Let's take a look at the same example from the Go gRPC Basics Tutorial. I find the control flow here easier to comprehend than the Java example because both the sending and receiving code are synchronous. In both goroutines, we're able to call stream.Recv
and stream.Send
in a for
loop. No need for callbacks, subclasses, or executors.
stream, err := client.RouteChat(context.Background())
waitc := make(chan struct{})
go func() {
for {
in, err := stream.Recv()
if err == io.EOF {
// read done.
close(waitc)
return
}
if err != nil {
log.Fatalf("Failed to receive a note : %v", err)
}
log.Printf("Got message %s at point(%d, %d)", in.Message, in.Location.Latitude, in.Location.Longitude)
}
}()
for _, note := range notes {
if err := stream.Send(note); err != nil {
log.Fatalf("Failed to send a note: %v", err)
}
}
stream.CloseSend()
<-waitc
async
/ await
, virtual threads
Go is a fairly new language, and it was designed at a time when event-driven servers were already popular and well-understood. Java, C++, Python, and other languages are older and don't have that same luxury. So as a language designer, what features can you add to make writing asynchronous application code less painful?
async
/ await
has become the main solution in most languages. Wikipedia tells me that it was first added to F# in 2007 (around the same time Go was being developed). It's now in C#, C++, JavaScript, Python, Rust, Swift, and a bunch of other languages.
async
/ await
let you write code that works with asynchronous functions in a style that resembles imperative blocking code. An asynchronous function is marked with the async
keyword and returns a promise (or whatever the language equivalent is). When you call an asynchronous function, you can "block" and get the value in the promise with the await
keyword. If a function uses await
, it must also be marked async
, and the compiler rewrites it to return a promise. There are different ways to implement async
and await
, but the feature generally implies a language has support for cooperatively scheduled coroutines if not full support for threads. When a coroutine awaits
a promise that's not completed yet, it yields to the language's runtime, which may schedule another ready coroutine on the same thread.
I'm pleased that so many languages have adopted async
/ await
. Since I've worked primarily in Go, Java, and C++, I haven't personally had much opportunity to use it, but whenever I need to do something in JavaScript, I'm really glad it's there. await
control flow is much easier to understand than asynchronous callback code. It is a bit annoying though to annotate functions with async
. Bob Nystrom's What Color is Your Function is a humorous criticism of that.

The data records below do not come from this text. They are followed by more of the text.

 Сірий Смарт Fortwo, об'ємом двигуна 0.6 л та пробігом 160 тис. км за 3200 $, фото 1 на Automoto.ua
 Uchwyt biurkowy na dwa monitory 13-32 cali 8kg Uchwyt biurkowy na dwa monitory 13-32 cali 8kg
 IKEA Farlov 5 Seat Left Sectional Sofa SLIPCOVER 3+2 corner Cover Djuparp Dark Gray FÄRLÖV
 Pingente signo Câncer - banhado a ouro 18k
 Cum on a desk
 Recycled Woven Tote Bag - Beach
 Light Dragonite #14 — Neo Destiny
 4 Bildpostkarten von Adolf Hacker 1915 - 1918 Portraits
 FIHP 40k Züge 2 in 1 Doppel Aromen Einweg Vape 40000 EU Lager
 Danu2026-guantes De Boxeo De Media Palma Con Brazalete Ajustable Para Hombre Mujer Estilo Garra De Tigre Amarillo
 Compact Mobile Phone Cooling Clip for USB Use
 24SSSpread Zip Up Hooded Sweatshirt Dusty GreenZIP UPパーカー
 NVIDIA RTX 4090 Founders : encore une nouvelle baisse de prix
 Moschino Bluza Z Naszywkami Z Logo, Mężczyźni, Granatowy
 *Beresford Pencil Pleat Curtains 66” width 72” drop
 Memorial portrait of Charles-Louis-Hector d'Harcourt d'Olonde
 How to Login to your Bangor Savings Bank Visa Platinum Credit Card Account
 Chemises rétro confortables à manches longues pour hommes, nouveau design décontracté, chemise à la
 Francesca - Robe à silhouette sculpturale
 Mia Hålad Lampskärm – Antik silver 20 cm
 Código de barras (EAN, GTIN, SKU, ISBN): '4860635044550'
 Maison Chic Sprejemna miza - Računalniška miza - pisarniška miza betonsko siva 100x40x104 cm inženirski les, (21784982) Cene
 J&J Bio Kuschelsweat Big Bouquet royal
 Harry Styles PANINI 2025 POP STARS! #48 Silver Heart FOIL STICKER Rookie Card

Java is conspicuously absent from the list of languages above. Until now, you've had to either spawn an unreasonable number of threads or deal with Java's particular circle of callback hell. Happily, JEP 444 adds virtual threads, which sound a lot like goroutines. Virtual threads are cheap to create. The JVM schedules them onto platform threads (real threads the kernel knows about). There are a fixed number of platform threads, generally one per core. When a virtual thread performs a blocking operation, it releases its platform thread, and the JVM may schedule another virtual thread onto it. Unlike goroutines, virtual thread scheduling is cooperative: a virtual thread doesn't yield to the scheduler until it performs a blocking operation. This means that a tight loop can hold a thread indefinitely. I don't know whether this is an implementation limitation or if there's a deeper issue. Go used to have this problem until fully preemptive scheduling was implemented in 1.14.
Virtual threads are available for preview in the current release and are expected to become stable in JDK 21 (due September 2023). I'm looking forward to deleting a lot of ListenableFutures
, but it's unclear to me how virtual threads will interact with existing frameworks designed around a more purely event-driven model. Whenever a new language or runtime feature is introduced, there's a long cultural migration period, and I think the Java ecosystem is pretty conservative in that regard. Still, I'm encouraged by the enthusiastic adoption of async
/ await
in other languages. I hope Java will be similar with virtual threads.